Decker shrugs. “You know I suck at keeping secrets, and I had to tell someone all the shit I was dealing with.”
“My grandma was a notorious meddler and matchmaker. It was actually easier than I thought.” Easton looks at the group. “Tweetie was staring at the two of them in the emergency room as if he wished the hot sauce had gotten in his eye so Tedi would kiss his boo boo. I just had to nudge him to consider that maybe they weren’t a real couple—or at the very least, that they were having problems. And then in the middle of the waiting area, I thought Tweetie was going to pummel Decker to the floor for breaking Tedi’s heart.” Easton looks at Tedi. “He was willing to step aside if you were happy. Not every guy would do that.” Easton raises his eyebrows and looks at me. “So, you can thank me by giving me your condo.”
I laugh, and Tedi looks at me with those eyes again. Soft and warm like in the past when I did something sweet and unexpected. But there’s no “I love you” sex coming my way this time. That’s okay. She’s worth waiting for.
“You want in The Nest?” Rowan asks. He flicks his gaze to Kyleigh, and something passes between them. I don’t like it. As if he’s going out just like Henry and Jade.
“No. I don’t want to move into The Nest. I want to move into one of your condos.”
“No baseball players,” Conor mumbles around his food. “Colts don’t live in nests.”
Easton rolls his eyes. “No shit, dumbass.”
“Kid ears,” Henry says.
“Sorry,” Easton mumbles.
“Maybe you could call it The Barn,” Henry says.
“Or The Stables,” I add.
“No, The Pen,” Rowan says with a laugh.
“Why don’t you three move out and we move in?” Decker says.
“Then you’d miss that Mexican restaurant near you. It’s so cute.” Tedi looks at Decker.
I turn to her. “I thought it was fake?” I wave my finger between the two of them, eyebrows drawing down.
“It’s been, what, two minutes, and he’s already jealous again. Run, Tedi.”
I throw a creamer pouch at Rowan, and he catches it.
“We met there when I asked him to be my fake boyfriend.” She smiles at Decker.
“Remind me to talk to you later,” I say to him.
Decker rolls his eyes. “Hey, I got so drunk I threw up. I took a puck in the face. And I got hot sauce in my eye. I think I was punished enough.”
“No good deed goes unpunished,” Easton says.
The whole table laughs.
“You really were a good sport. I would’ve backed out after the puck thing for sure,” Henry says.

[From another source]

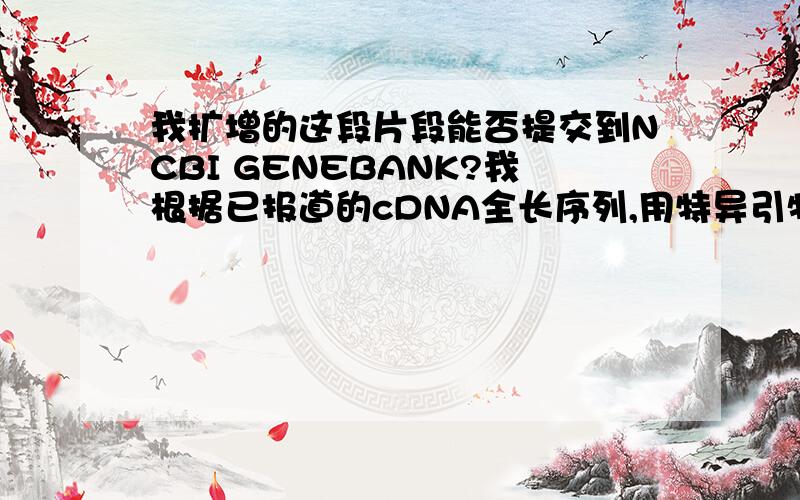 我扩增的这段片段能否提交到NCBI GENEBANK?我根据已报道的cDNA全长序列,用特异引物扩增了一段保守的片段,用作探针.这段片段1kb,原来的全长是3.5kb.我得到的这段片段能否提交到genebank里?我为了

Our breakfast arrives, and as Tedi takes a knife and fork to her pancakes, a thought occurs to me. If I don’t get another contract with Chicago, mornings like this are all over. It’ll be another team and another found family I’ll have to leave. Will I be able to handle it? Will I be able to not spiral again? For Tedi, I would, but I’d miss this. I’d miss them.

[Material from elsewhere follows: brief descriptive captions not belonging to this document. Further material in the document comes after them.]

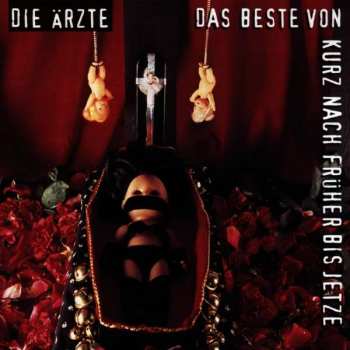 Album Die Ärzte: Das Beste Von Kurz Nach Früher Bis Jetze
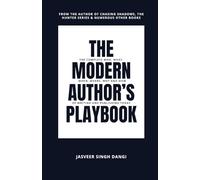 The Modern Author's Playbook: The Complete Who, What, When, Where, Why, and How of Writing and Publishing Today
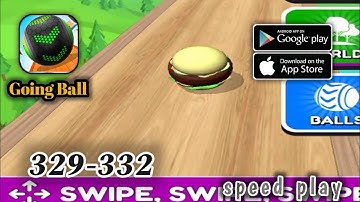Going Balls - level 329 to 332 - SpeedRun Gameplay Walkthrough (Android, iOS)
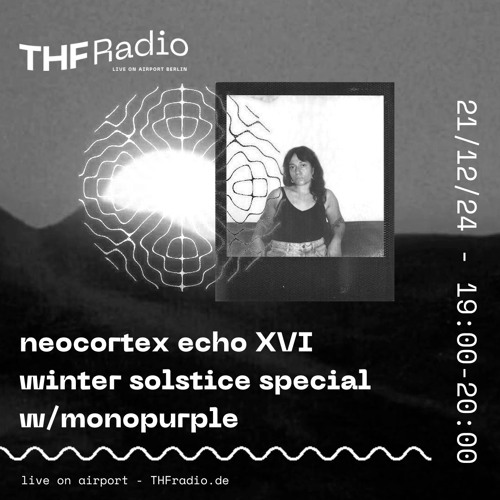 neocortex echo XVI w/ monopurple // 21.12.24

Tedi puts her hand on my thigh. “Aren’t you going to eat?”
I take her hand and put it on her lap. “No touching, remember?”
She shakes her head with a smile and goes back to eating her pancakes, joining in the conversation with my friends as if she’s been here since day one.
I finally realize only one thing matters. Wherever I go, Tedi has to be by my side. Everything else is just extra.
So I spend the rest of the breakfast thinking of ways to get us to that finish line.